July 5th, 2021
Blog post by Christina White, undergraduate researcher at WVU
This is the ninth post in White’s series on race, justice, and social change through cookbooks, featuring the following books from the Ebersole collection: Mammy Pleasant’s Cookbook, A Date with a Dish, A Good Heart and a Light Hand, and The Jemima Code.
How ridiculous and insulting! My happiness does not depend on feeding my future husband good, “manly” food!
Calm down, Christina. This was written 80 years ago…
There were some elements of Freda’s book, A Date with a Dish, that disgruntled me, even though the cookbook is overwhelmingly supportive of Black women and their liberties.
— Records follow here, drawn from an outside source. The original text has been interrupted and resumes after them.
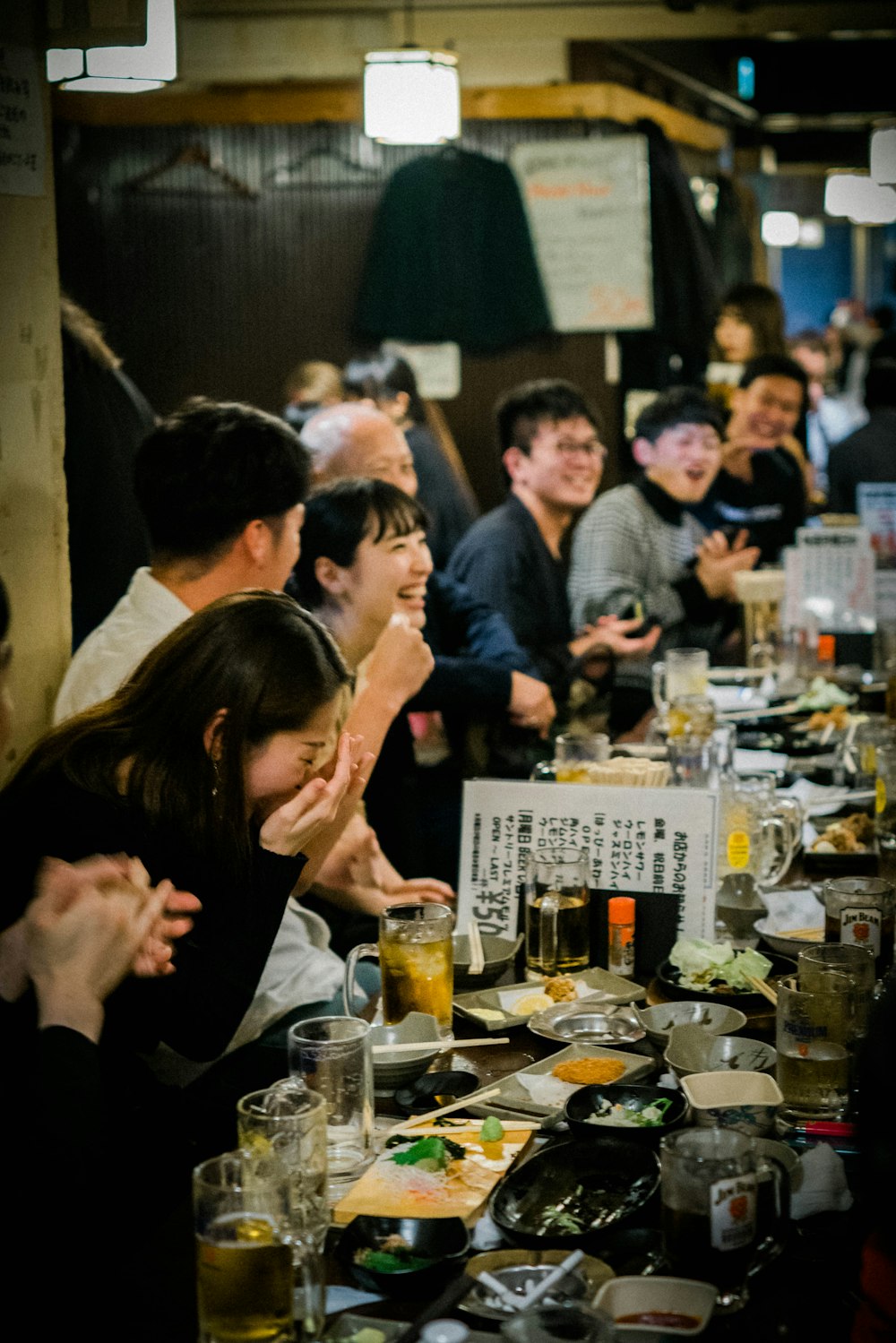 man and woman kissing in front of table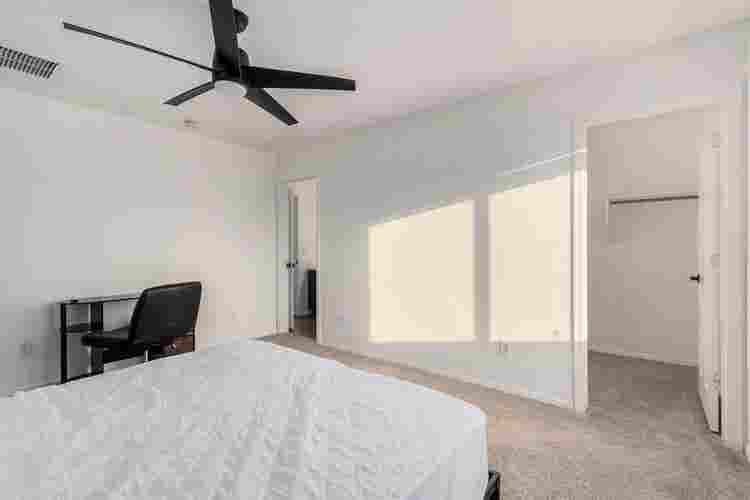 Two story with rooms for rent.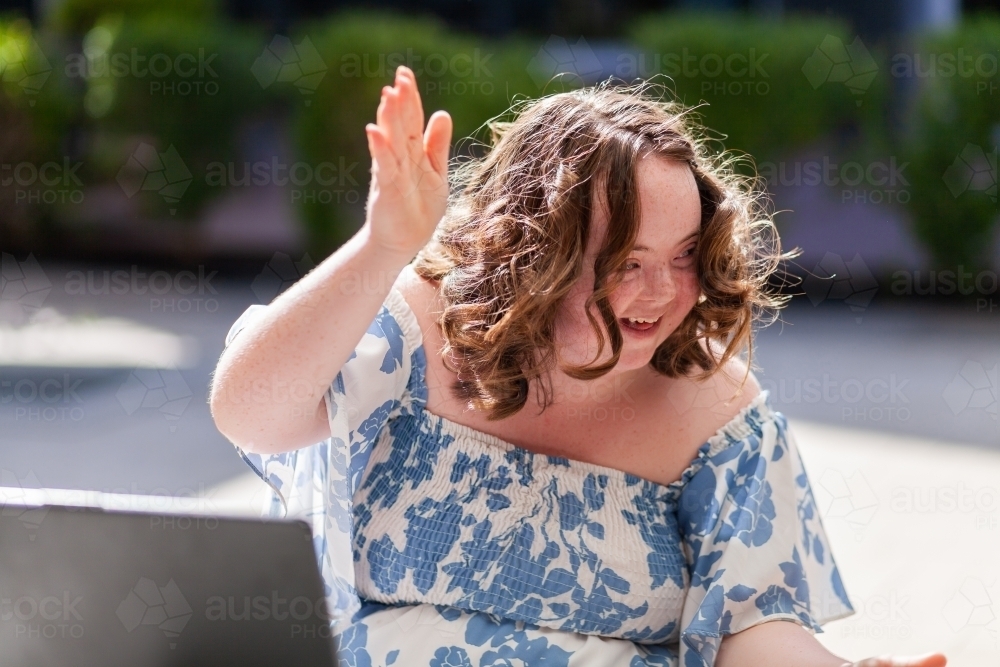 Person with down syndrome clapping and moving in happy way - Australian Stock Image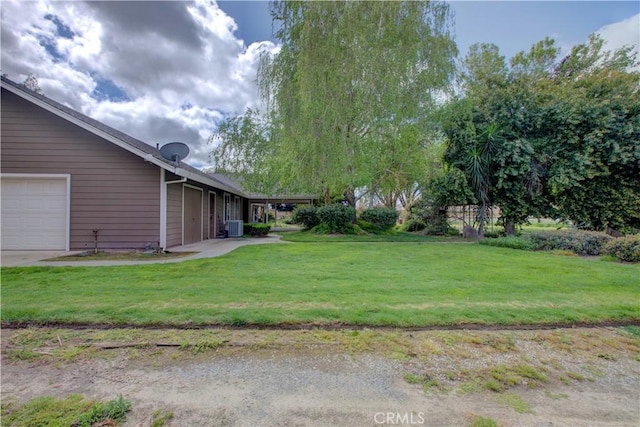 view of yard featuring an attached garage and central AC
Entries like this took a minute of reflection to come to terms with:
In no attempt to justify this philosophy, I engaged in a practice of empathy building after reading sections that labeled women as dependent. My college friends and I would all benefit from this sort of mental gymnastics. Yes, it’s uncomfortable to read about keeping your husband happy by cooking great meals, but how did this reality shape women’s status? How does it still influence parts of the world and our region of Appalachia? Answering these questions help us understand the context and roots of modern sexism.
With that in mind, there is an entire section dedicated to men’s recipes:
Freda playfully mentions the reward for a manly meal: a diamond bracelet or kiss. In one minute, Freda is a champion of Black representation. The next, she echoes traditional gender roles that hurt my feminist heart. Freda was a powerful female icon, the editor of Ebony magazine, and at the same time, telling readers to avoid making “dainty” sandwiches for their husbands.
I had to remind myself that her steps forward are not erased by values I don’t agree with. It’s possible and important to appreciate her work and bravery in other areas, as she broke ground in terms of Black culinary representation. If you open a page of a book like this and immediately feel attacked, maybe see what else it has to offer. Absorb its message as a whole.